Binary Contraction Pipeline

This document describes the current binary step used inside an N-ary einsum contraction tree. It is implemented through tenferro-einsum planning and the TensorBackend::dot_general execution surface in tenferro-tensor.

See einsum.md for the N-ary API and tensor-prims.md for the current tensor backend protocol.

Step Inputs

Each pairwise step receives:

  • left operand labels,
  • right operand labels,
  • output labels for this intermediate or final result,
  • label sizes from the tree’s size dictionary.

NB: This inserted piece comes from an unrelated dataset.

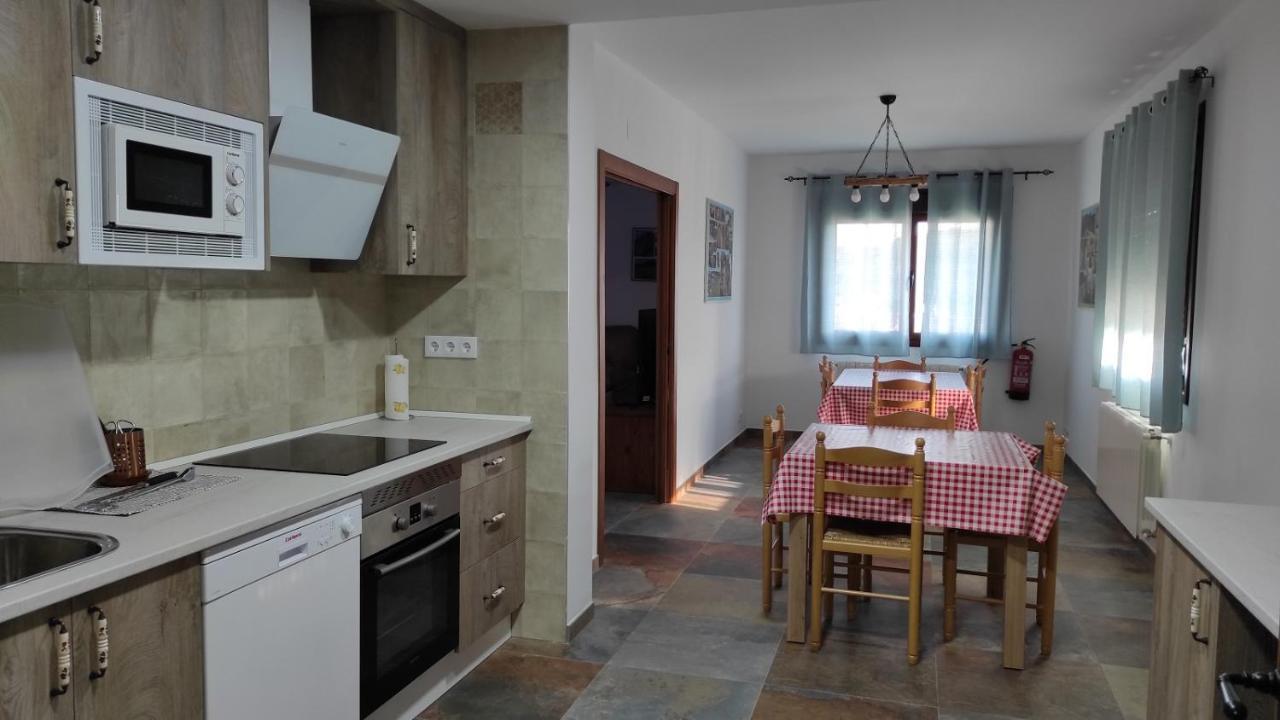 Casa Rural La Colmena Del Geoparque Navatrasierra Bagian luar foto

Repeated labels are normalized before ordinary pairwise contraction. Strict binary lowering only accepts non-repeated labels; repeated-label cases fall back to the general path.

Label Classification

For a binary contraction, labels are classified into:

Class Meaning
left free appears only in the left operand and survives
right free appears only in the right operand and survives
batch appears in both operands and survives
contraction appears in both operands and does not survive
pre-reduced appears in one operand and does not survive

Pre-reduced labels are reduced before the dot_general step.

Column-Major Layout

tenferro uses column-major storage. The canonical DotGeneral output order is:

lhs_free..., rhs_free..., batch...

The strict binary lowering tracks GEMM-like metadata with compute dimensions on the left and batch dimensions on the right:

lhs matrix dims: lhs_free..., contract...
rhs matrix dims: contract..., rhs_free...
output dims:     lhs_free..., rhs_free..., batch...

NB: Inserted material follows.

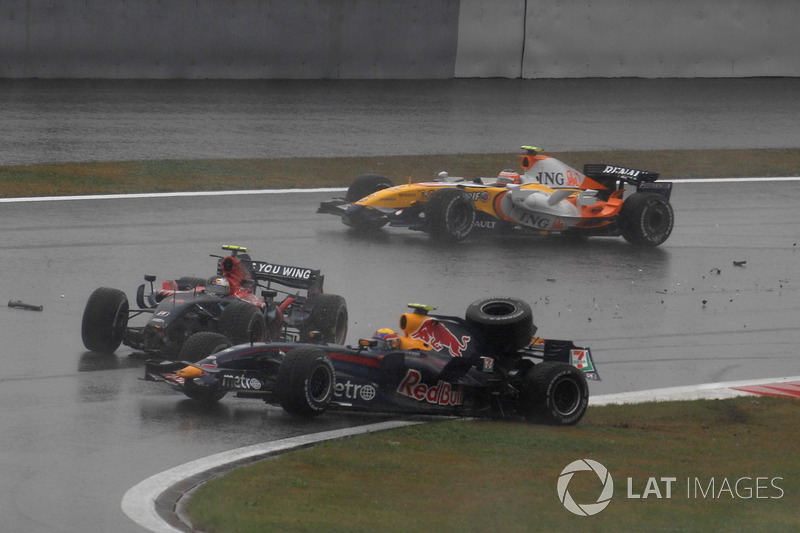 Sebastian Vettel, Toro Rosso STR02, Mark Webber, Red Bull Racing RB3. Al Fuji una delle peggiori giornate di Seb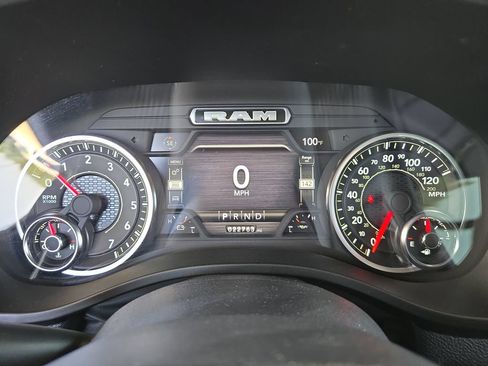 Used 2023 RAM 1500 Laramie AWD/4WD image 21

Batch-last placement means each batch slice occupies a contiguous block in column-major layout, which is the convention used by the CPU GEMM path.

Strict Binary Lowering

crates/tenferro-einsum/src/planning/strict_binary.rs detects dense binary contractions that can be represented as one canonical DotGeneral plus a final output transpose if needed.

The strict plan records:

  • left and right free labels,
  • contraction labels,
  • batch labels,
  • operand permutations,
  • m, k, and n,
  • canonical output dimensions,
  • final output permutation.

It returns None for patterns it should not own, including repeated labels. That is not an error; the general path handles those semantics.

General Path

The eager executor and graph builder use the general path when strict binary lowering does not apply:

  1. Extract diagonals for repeated input labels.
  2. Reduce labels that no longer survive.
  3. Broadcast and multiply for pure outer/Hadamard-like cases.
  4. Use dot_general for ordinary contractions.
  5. Embed repeated output labels with embed_diagonal.
  6. Transpose to the requested output label order.

This path favors correctness and broad semantics. Backend-specific performance comes from the lower TensorBackend implementation of dot_general, reduction, transpose, and diagonal operations.

CPU Execution

CPU execution is handled by CpuBackend:

  • elementwise/reduction/structural work uses strided-kernel and dedicated CPU implementations,
  • dot_general uses the selected CPU GEMM backend (cpu-faer or cpu-blas),
  • faer-backed work runs inside the CpuContext Rayon pool through CpuExecSession, with Par::Seq for one-thread contexts and Par::rayon(0) for multi-thread contexts.

CubeCL/CUDA Execution

When a compiled program is evaluated with CudaBackend, the same graph-level ops run on GPU if supported:

  • dot_general can route through CubeCL/CUDA and cuTENSOR/cuBLAS-backed paths,
  • structural and reduction steps use CubeCL kernels where implemented,
  • unsupported dtypes or operations return BackendFailure.

There is no current separate direct CudaBackend contraction pipeline. Future GPU contraction improvements should extend CudaBackend and preserve the explicit placement policy described in gpu-backend-design.md.

Planner Safety

Contraction planning must not rely on debug-only assertions for semantic validity. Missing label sizes, invalid explicit paths, duplicate live operands, and rank/shape mismatches are normal Result errors so debug and release builds behave the same.